** Opening Material for the task block **

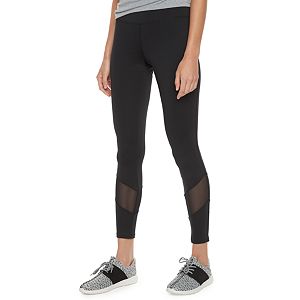 madden NYC Juniors' Black Mesh Panel Leggings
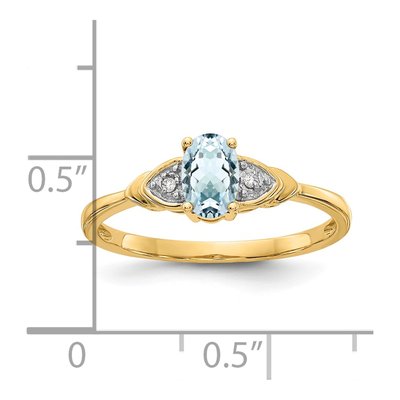 14K Yellow Gold Aquamarine & Diamond Oval Ring – view 4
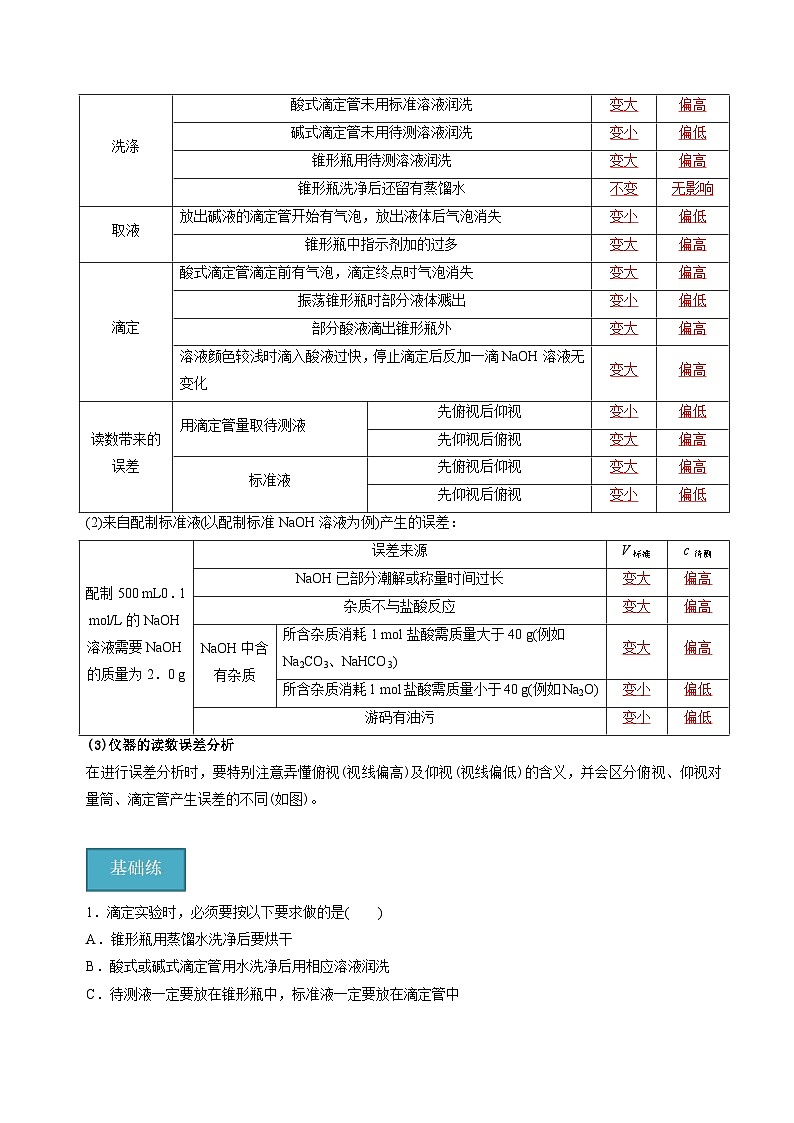 苏教版2019高二化学选择性必修第一册 3.2.2酸碱中和滴定(知识清单+分层练习)-03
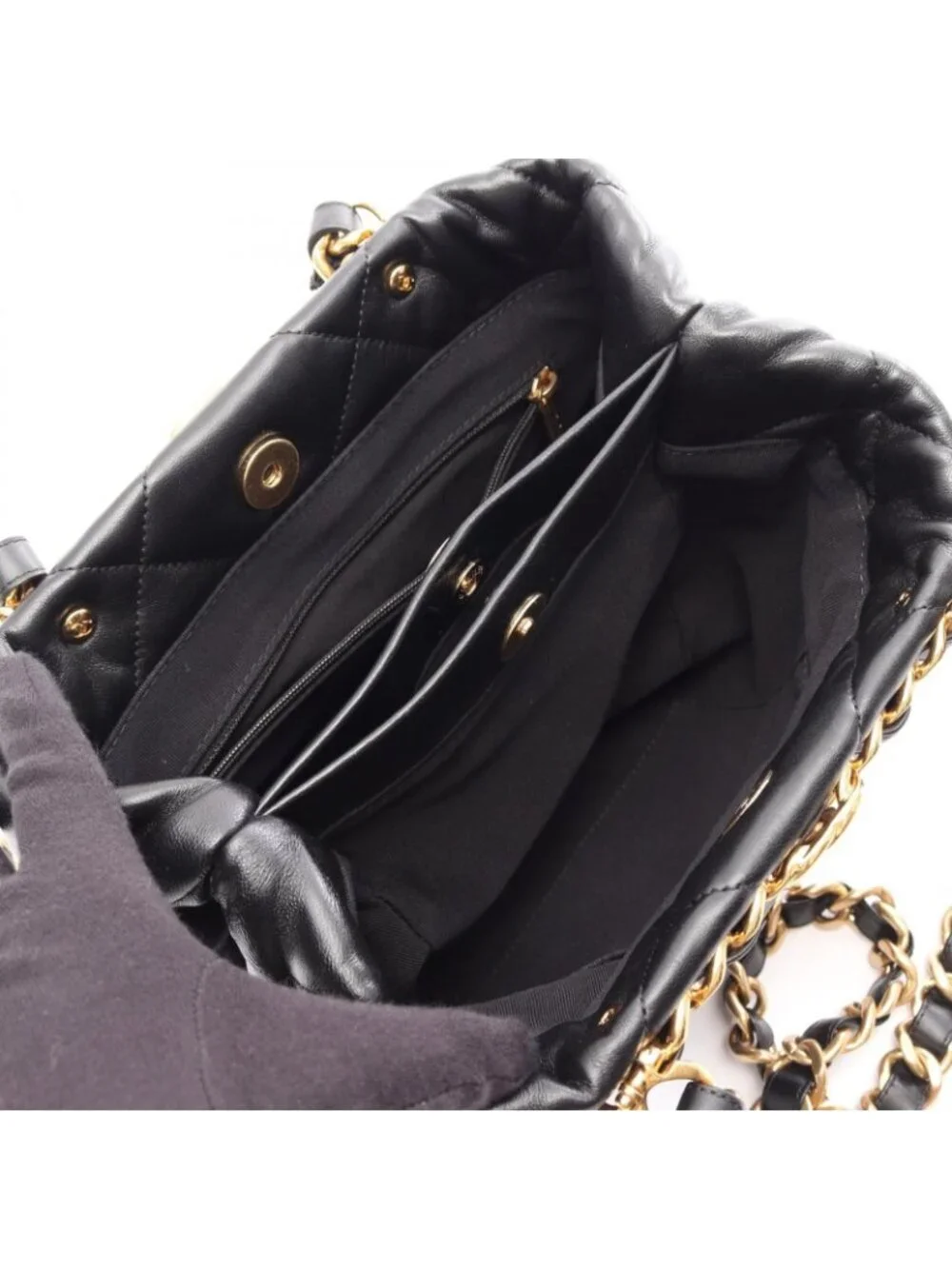 Chanel Tote Quilted Small Shopping Black Lambskin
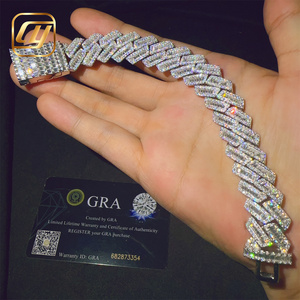 15mm Luxury 925 Sterling Silver VVS Moissanite Diamond <b>Iced</b> <b>Out</b> Cuban Link <b>Chain</b> Hip Hop Jewelry Bracelet Cuban Link Bracelet - Product Image 4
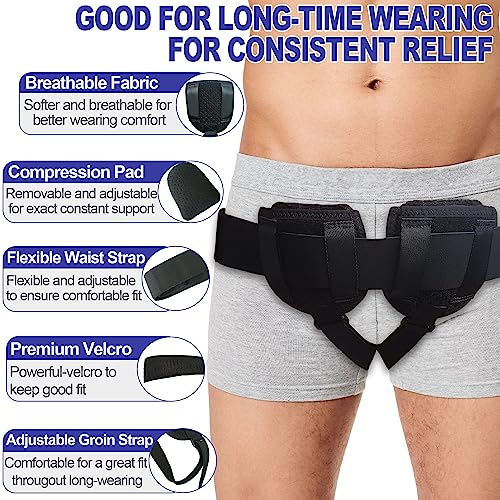 Hernia Belts for Men Inguinal - Single/Double Inguinal Hernia Support for Men/Women to Keep Inguinal/Groin Hernia from Protruding, 35"-50" Hernia Truss for Pain Relief Recovery, Adjustable & Removable - Image 6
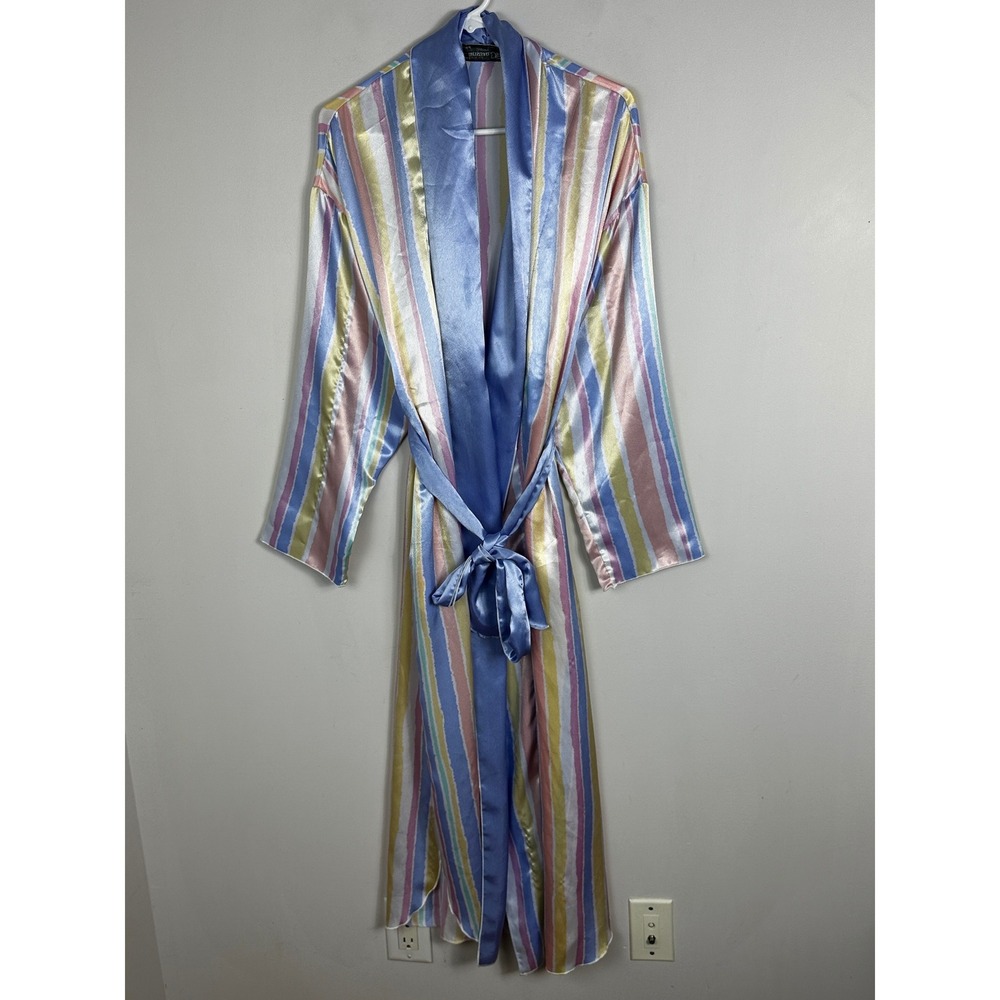 Vintage Christian Dior Pastel Striped Robe Womens Size Medium Satin Belted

** Closing Material for the task block **

### Action item
With the pictures omitted, copy exactly the lines from the line that contains "Hernia Belts for" through the end of the material.

### Result of this task
 Hernia Belts for Men Inguinal - Single/Double Inguinal Hernia Support for Men/Women to Keep Inguinal/Groin Hernia from Protruding, 35"-50" Hernia Truss for Pain Relief Recovery, Adjustable & Removable - Image 6
 Vintage Christian Dior Pastel Striped Robe Womens Size Medium Satin Belted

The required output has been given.